Material provided —
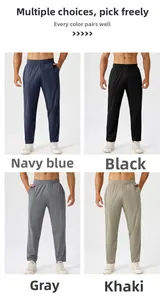Men's athletic pants in navy, black, grey, and khaki with elastic waistband and pockets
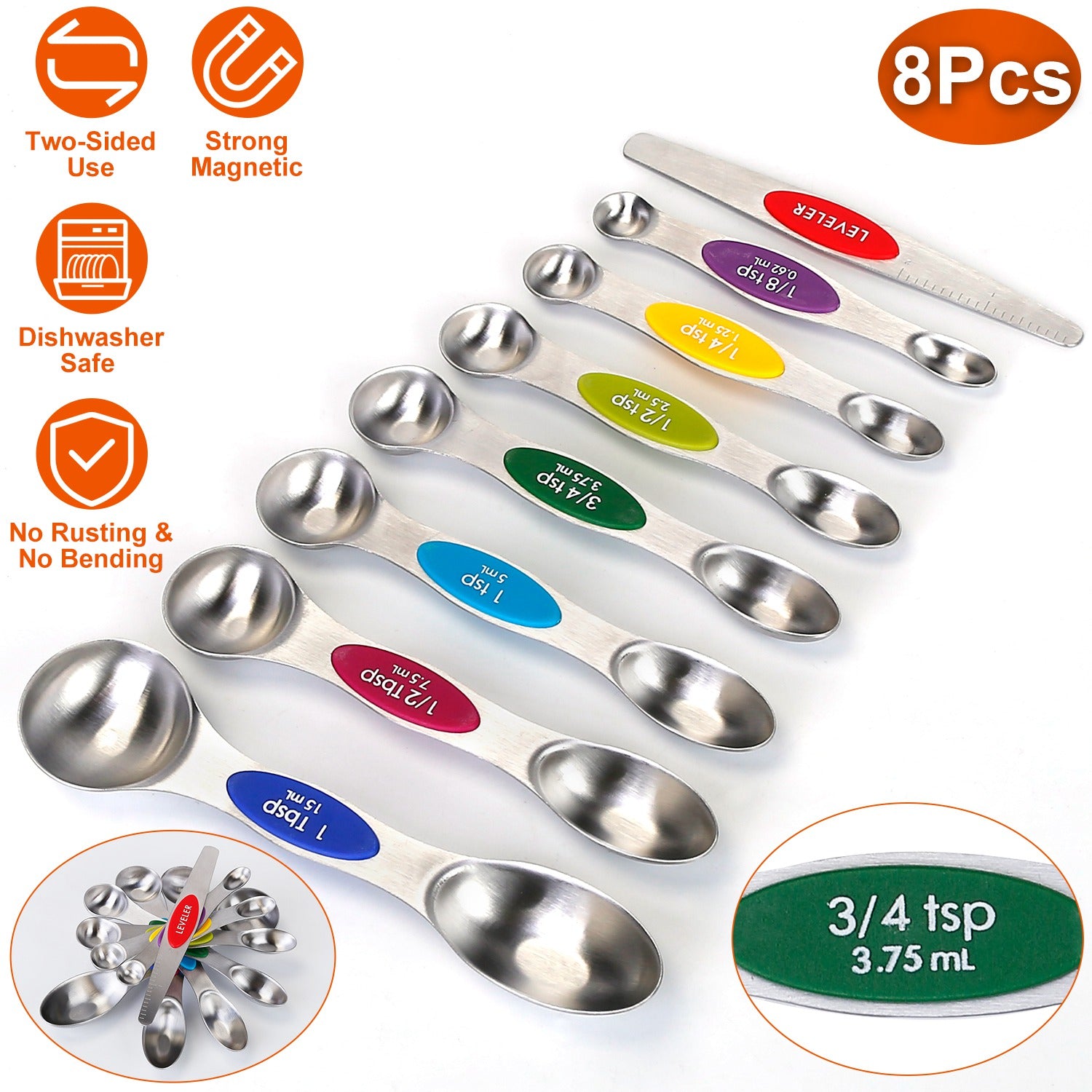 Dual Sided Magnetic Measuring Spoons Sale Good Selling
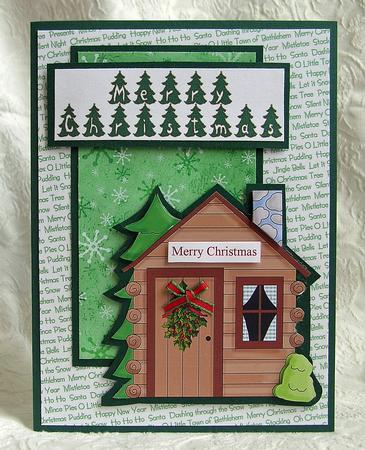 Christmas Cabin in the Woods Topper by Debra Laraway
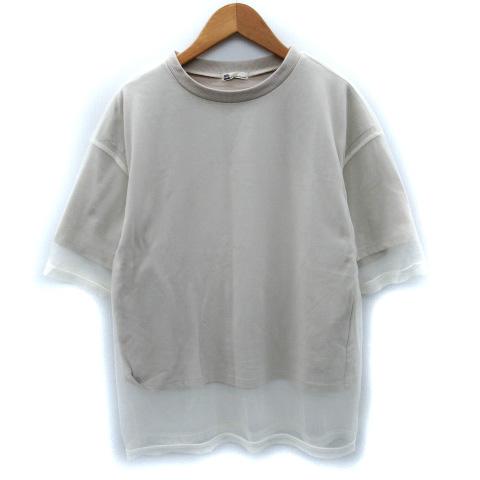 ジャバ JaVa Tシャツ カットソー 半袖 ラウンドネック チュール M ライトベージュ /SM3...
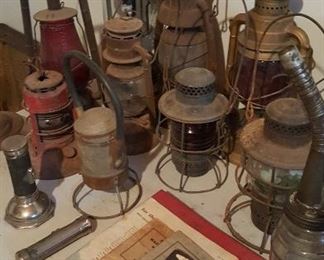Railroad and Barn Lanterns. Adlake, and Soo Line Lanterns.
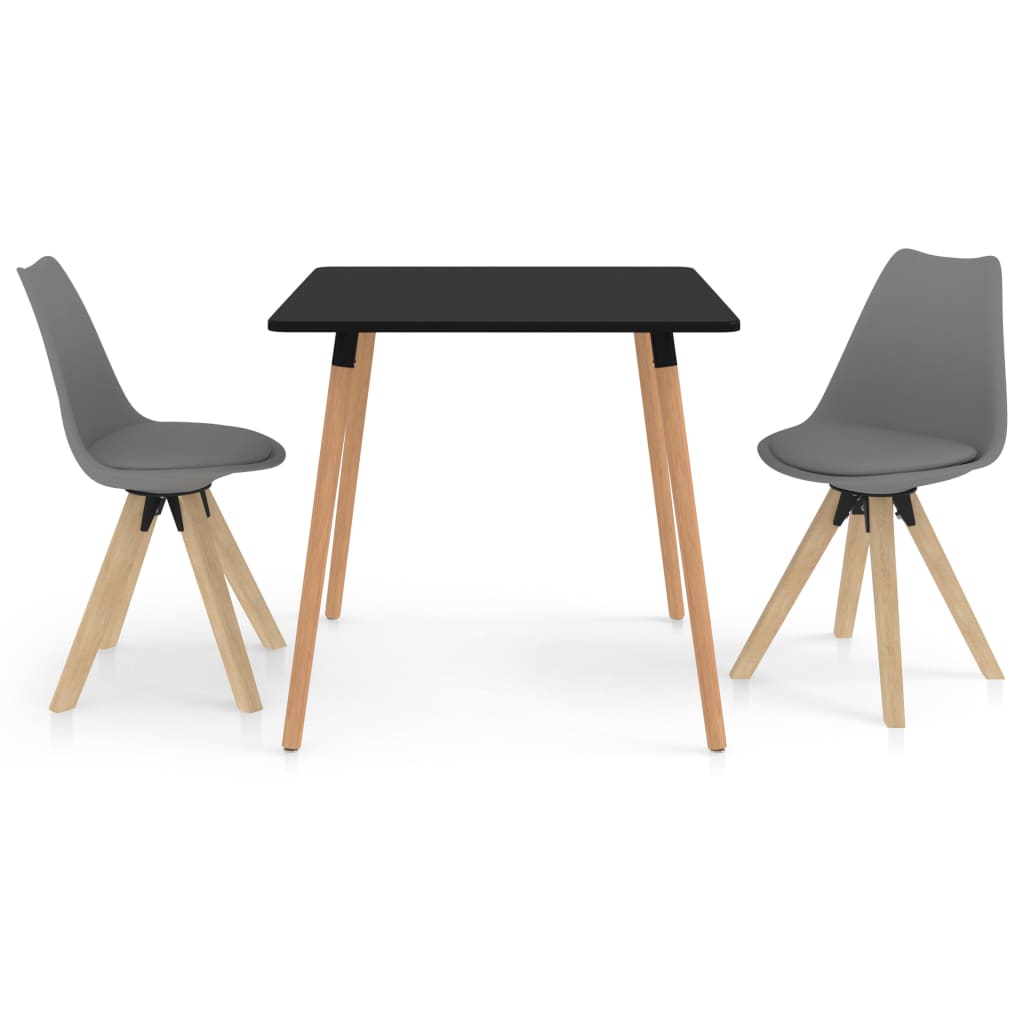 Set mobilier de bucatarie cu 1 masa cu blat negru si 2 scaune tapitate, vidaXL, Piele artificiala, 80 x 80 x 75 cm, Gri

Your assignment —
Output exactly and only the lines from the line containing "Dual Sided Magnetic" to the end of the entries, both included, and omit every picture.

Response to the exercise —
 Dual Sided Magnetic Measuring Spoons Sale Good Selling
 Christmas Cabin in the Woods Topper by Debra Laraway
 ジャバ JaVa Tシャツ カットソー 半袖 ラウンドネック チュール M ライトベージュ /SM3...
Railroad and Barn Lanterns. Adlake, and Soo Line Lanterns.
 Set mobilier de bucatarie cu 1 masa cu blat negru si 2 scaune tapitate, vidaXL, Piele artificiala, 80 x 80 x 75 cm, Gri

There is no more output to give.